TASK — Below is a listing; restate from it, character for character, the lines beginning at the line holding "KS license plate 980JAO" and ending at the line holding "Vista 2 de Giant", both included.

[EXTRACTED RECORDS Boundary: Start]

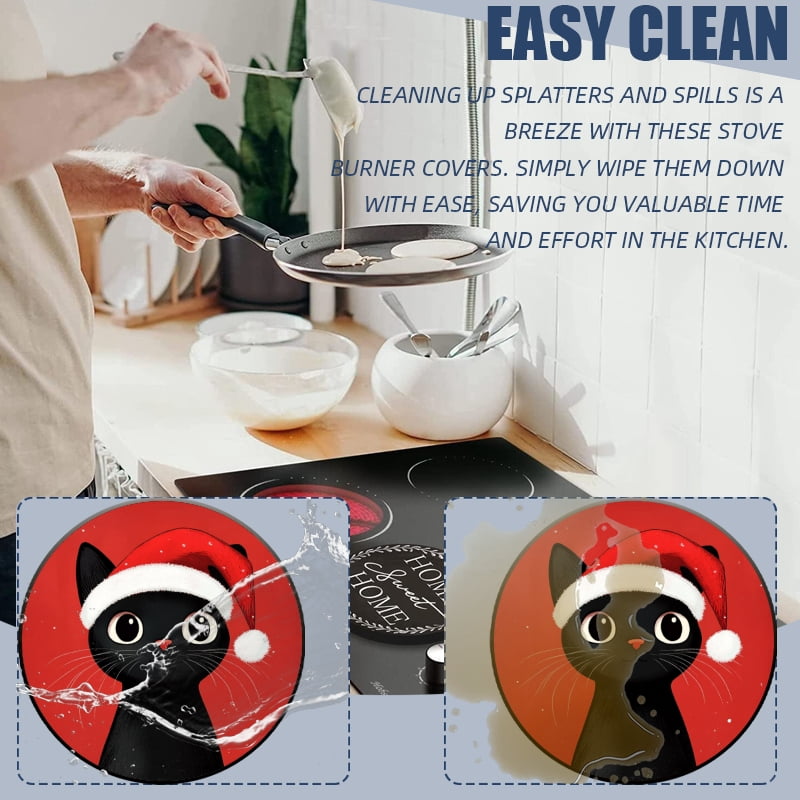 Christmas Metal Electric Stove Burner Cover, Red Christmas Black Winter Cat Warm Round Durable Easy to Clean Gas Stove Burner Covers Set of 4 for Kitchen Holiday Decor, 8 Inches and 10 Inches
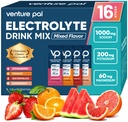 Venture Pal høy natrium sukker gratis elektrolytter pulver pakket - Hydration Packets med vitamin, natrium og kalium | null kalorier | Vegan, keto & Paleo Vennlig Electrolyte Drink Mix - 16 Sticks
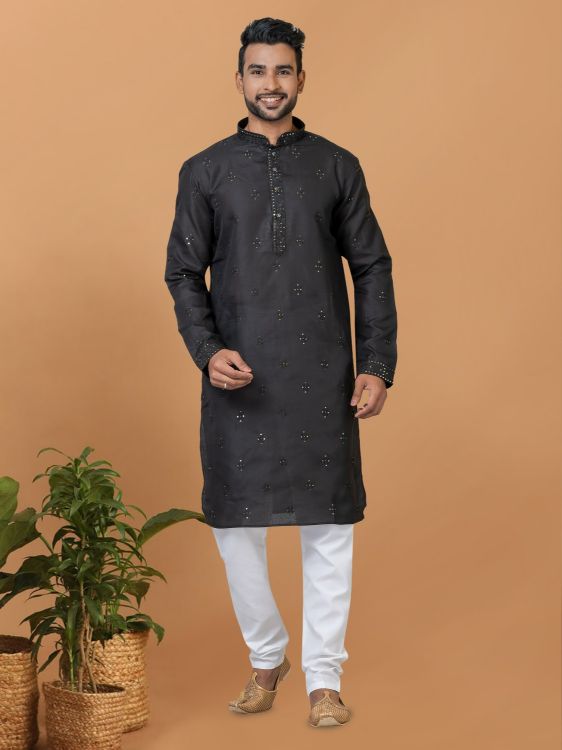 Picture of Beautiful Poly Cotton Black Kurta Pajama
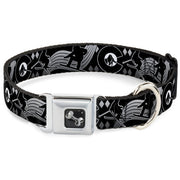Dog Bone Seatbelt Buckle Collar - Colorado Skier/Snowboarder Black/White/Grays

[EXTRACTED RECORDS Boundary: End]
[EXTRACTED RECORDS Boundary: Start]

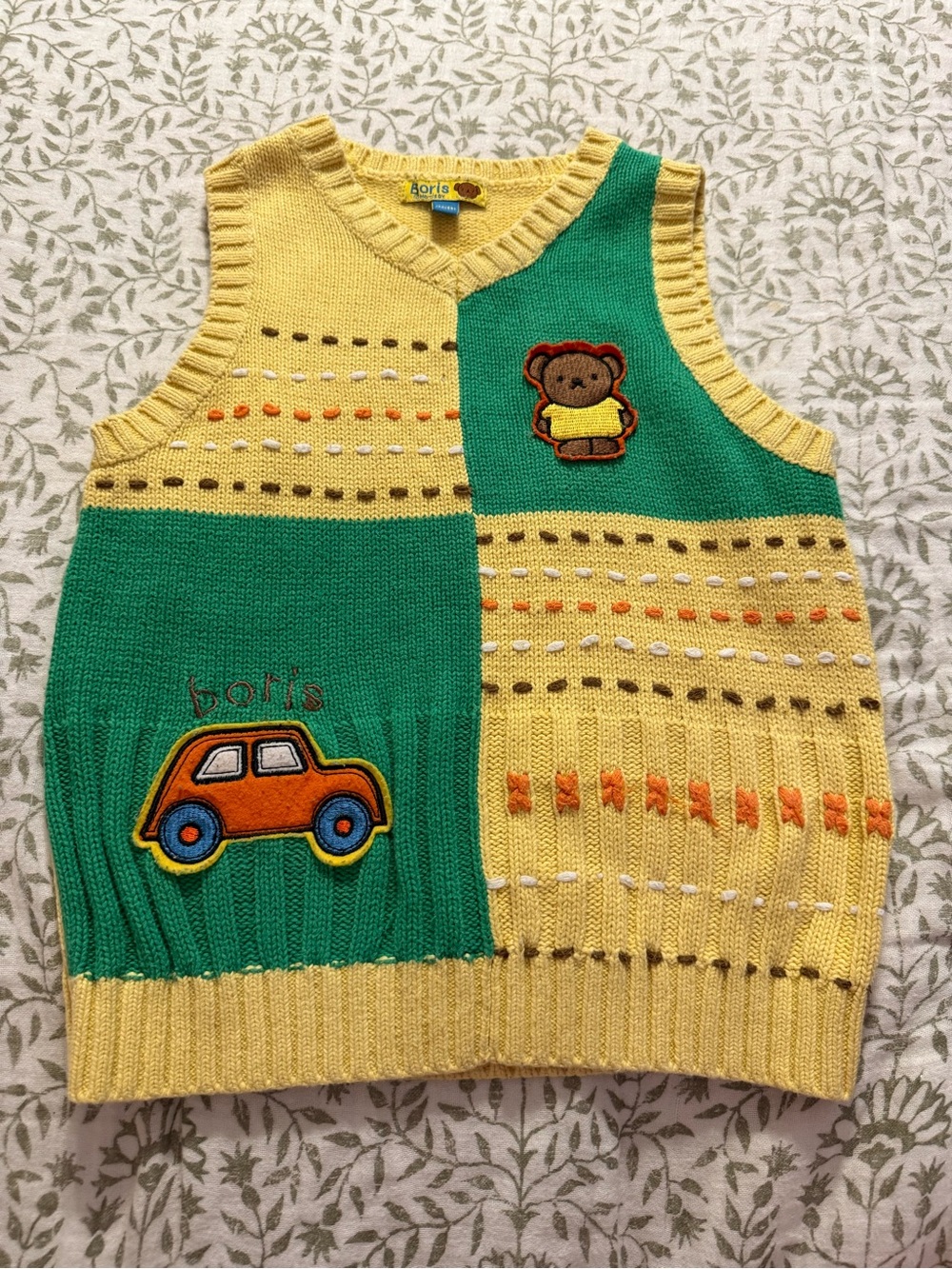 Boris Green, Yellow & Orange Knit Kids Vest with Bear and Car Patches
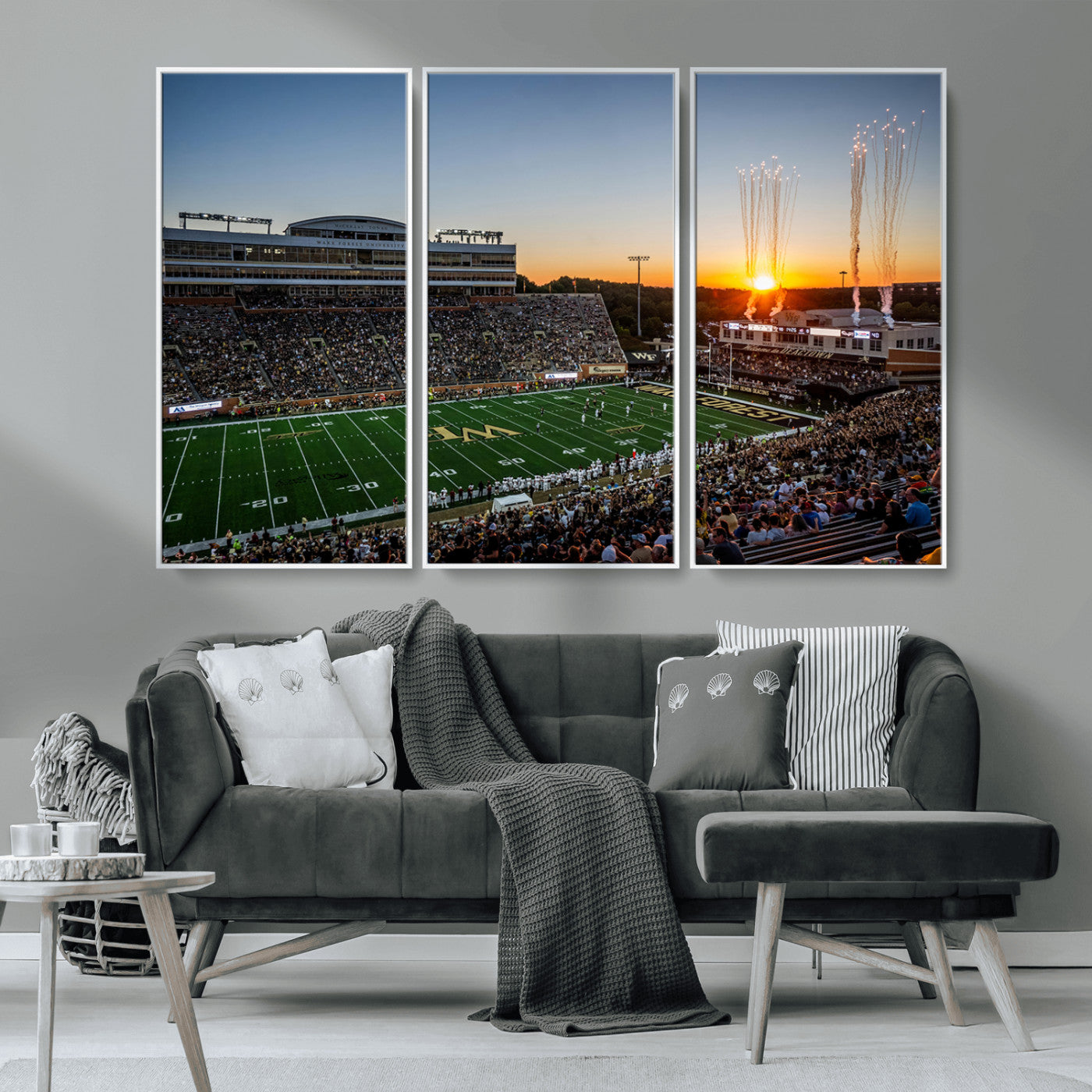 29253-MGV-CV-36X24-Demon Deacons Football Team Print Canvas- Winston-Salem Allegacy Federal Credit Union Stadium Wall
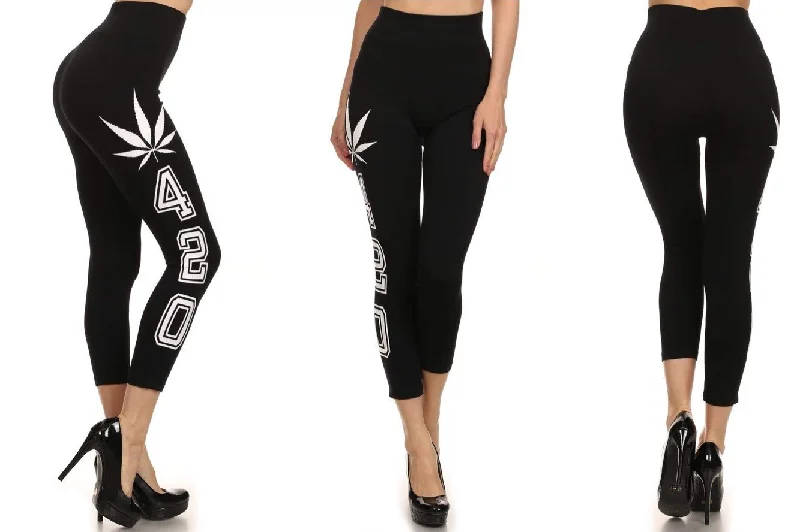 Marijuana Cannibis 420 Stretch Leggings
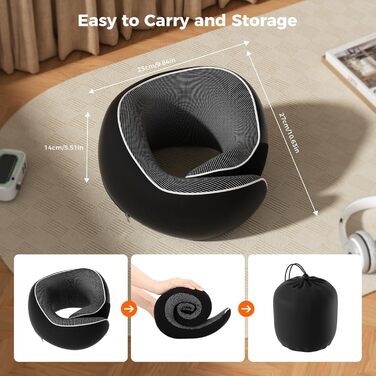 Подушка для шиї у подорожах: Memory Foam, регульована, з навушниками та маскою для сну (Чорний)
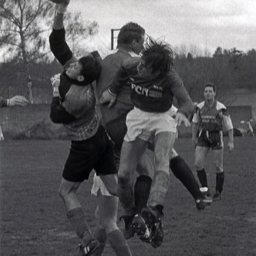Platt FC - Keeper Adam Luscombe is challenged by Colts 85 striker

[EXTRACTED RECORDS Boundary: End]
[EXTRACTED RECORDS Boundary: Start]

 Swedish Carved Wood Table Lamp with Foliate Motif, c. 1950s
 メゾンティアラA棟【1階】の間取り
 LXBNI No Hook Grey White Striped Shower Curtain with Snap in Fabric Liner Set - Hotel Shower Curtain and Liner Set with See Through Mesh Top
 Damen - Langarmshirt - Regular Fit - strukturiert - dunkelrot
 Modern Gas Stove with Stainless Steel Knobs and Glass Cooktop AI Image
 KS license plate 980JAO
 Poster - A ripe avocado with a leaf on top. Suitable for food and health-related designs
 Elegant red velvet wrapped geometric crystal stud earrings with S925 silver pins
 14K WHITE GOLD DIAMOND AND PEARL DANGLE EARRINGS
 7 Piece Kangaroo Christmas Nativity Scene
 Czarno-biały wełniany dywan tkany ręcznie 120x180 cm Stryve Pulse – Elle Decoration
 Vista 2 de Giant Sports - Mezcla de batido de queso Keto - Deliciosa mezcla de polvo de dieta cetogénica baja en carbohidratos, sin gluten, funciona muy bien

[EXTRACTED RECORDS Boundary: End]

SOLUTION TO THIS EXERCISE —
 KS license plate 980JAO
 Poster - A ripe avocado with a leaf on top. Suitable for food and health-related designs
 Elegant red velvet wrapped geometric crystal stud earrings with S925 silver pins
 14K WHITE GOLD DIAMOND AND PEARL DANGLE EARRINGS
 7 Piece Kangaroo Christmas Nativity Scene
 Czarno-biały wełniany dywan tkany ręcznie 120x180 cm Stryve Pulse – Elle Decoration
 Vista 2 de Giant Sports - Mezcla de batido de queso Keto - Deliciosa mezcla de polvo de dieta cetogénica baja en carbohidratos, sin gluten, funciona muy bien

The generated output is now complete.